Naidoo addressed delegates at the launch of a new trade union federation in Ekurhuleni. The country does not need the nuclear power programme, he said.
"The nuclear deal has nothing to do with our energy needs...it will create no jobs or technology innovation. The skills for that programme will come from Russia, China or France, who will have a stranglehold on our economy," Naidoo told the delegates.
"At the same time, there's a reasonable demand for free, decolonised and quality education, and we are prepared to throw trillion rands at a nuclear deal that we do not need and sacrifice our children's education."
There could be many more jobs created from renewable energy compared to the nuclear deal, he said. South Africa's problems were not unique, as they were debated all over the world.

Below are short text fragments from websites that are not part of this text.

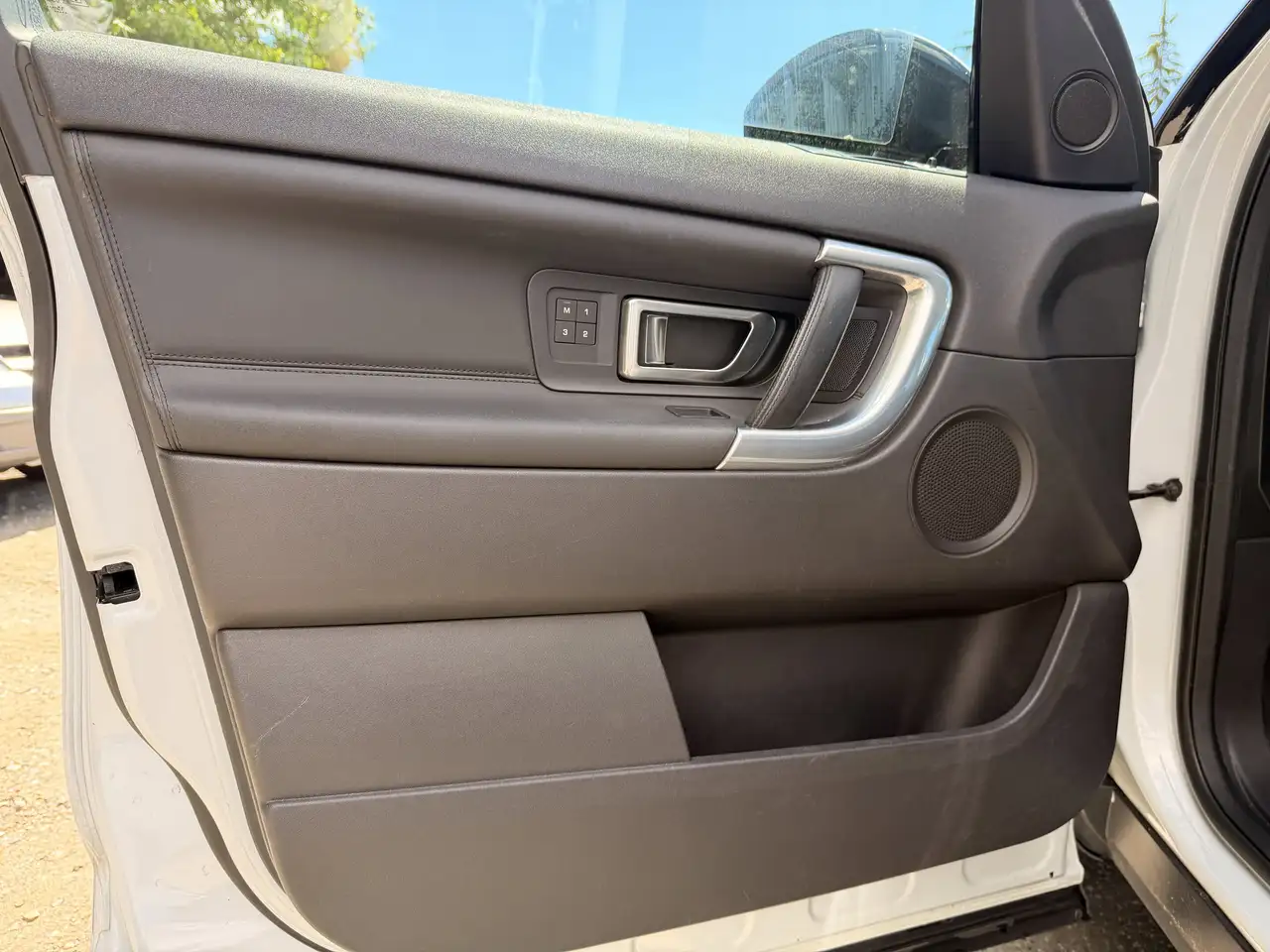 Land Rover Discovery Sport снимка Land Rover Discovery Sport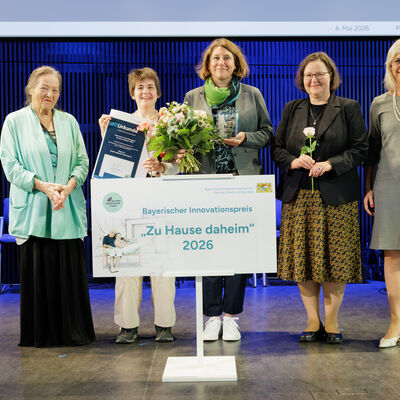 Bayerns Sozialministerin Ulrike Scharf (r.) und Schauspielerin Marianne S&auml;gebrecht (l.) zusammen mit dem Team des Stadtteiltreffs Augustinviertel bei der Preisverleihung in W&uuml;rzburg.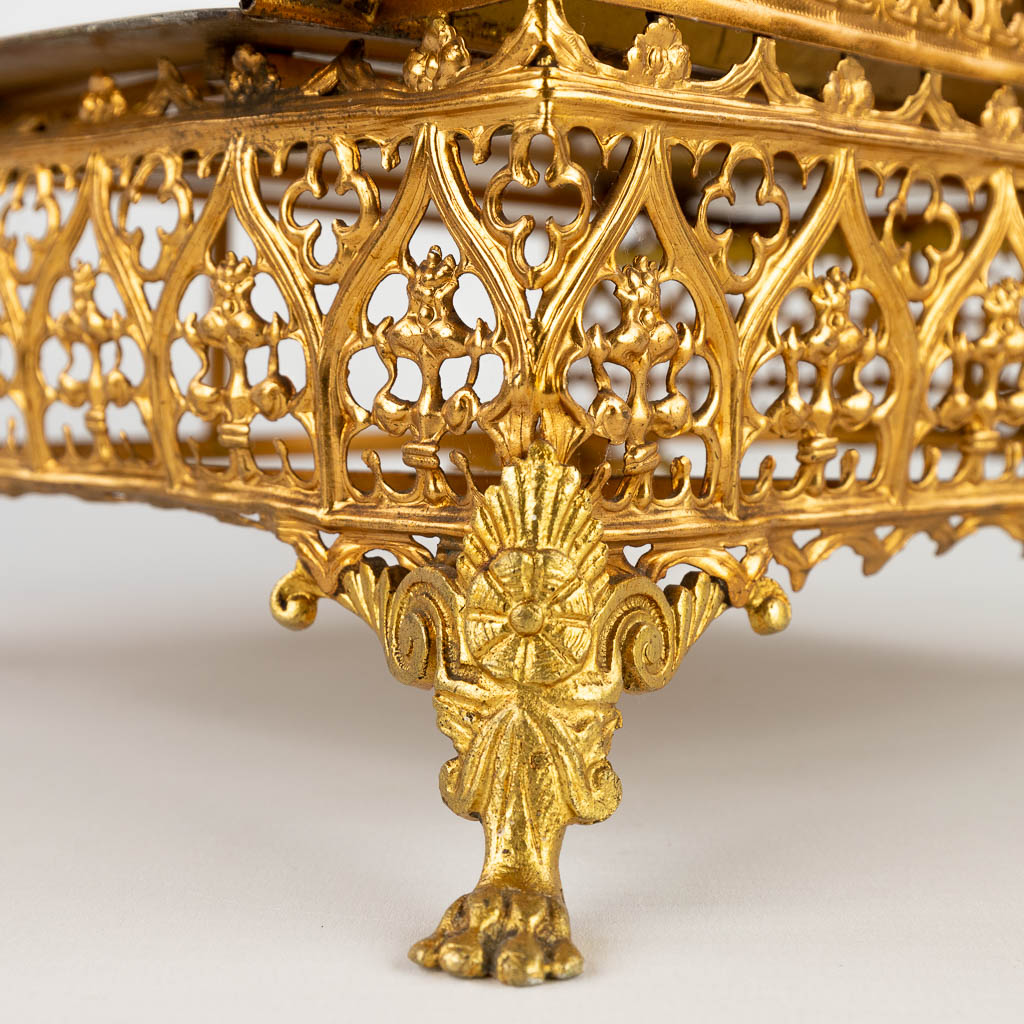 A small lectern, brass in a gothic revival style. 19th C. (D:25 x W:25 x H:27 cm)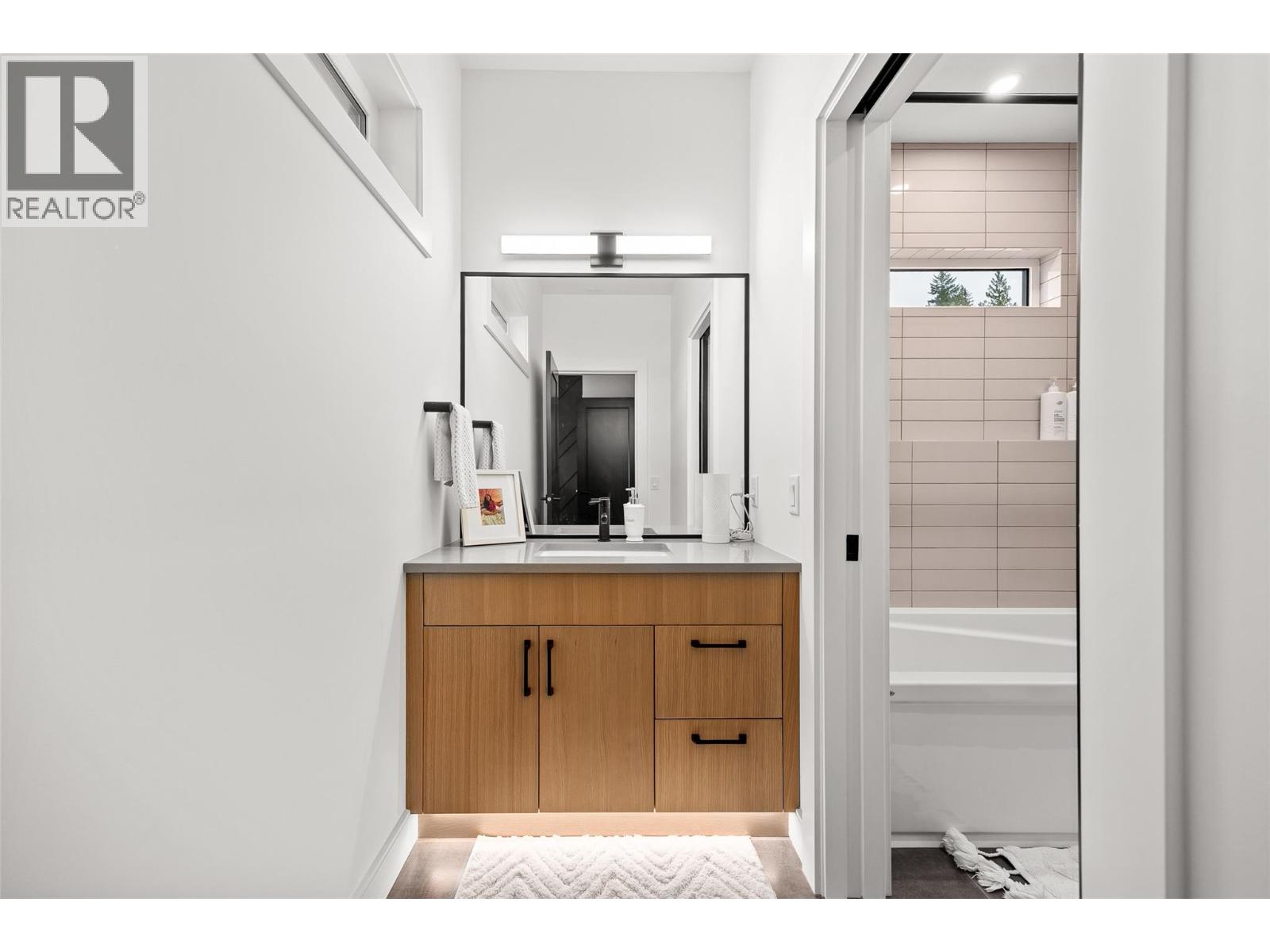 415 Hawk Hill Drive, Kelowna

Meanwhile young people across the world were losing an interest in voting, and saw how politicians and governments "had become captured".
"Why do we give our power to politicians while we know they would never represent our interests? If you want to be relevant you need to have power and support on the ground. There should be no poverty, unemployment, or no running water. When you debate here...remember that you're debating for the 55 million in this country.]," he said to a loud applause.
"We are at a tipping point. If you want to be strong, you have to unite...no sweeping things under the carpet anymore. Majority of our people go to bed hungry, but we walk on minerals such gold as and platinum but our people remain very poor...and what do our leaders do? They fiddle while the country burns."
Naidoo thanked young people for "not keeping quite and reminding the nation of what needs to happen".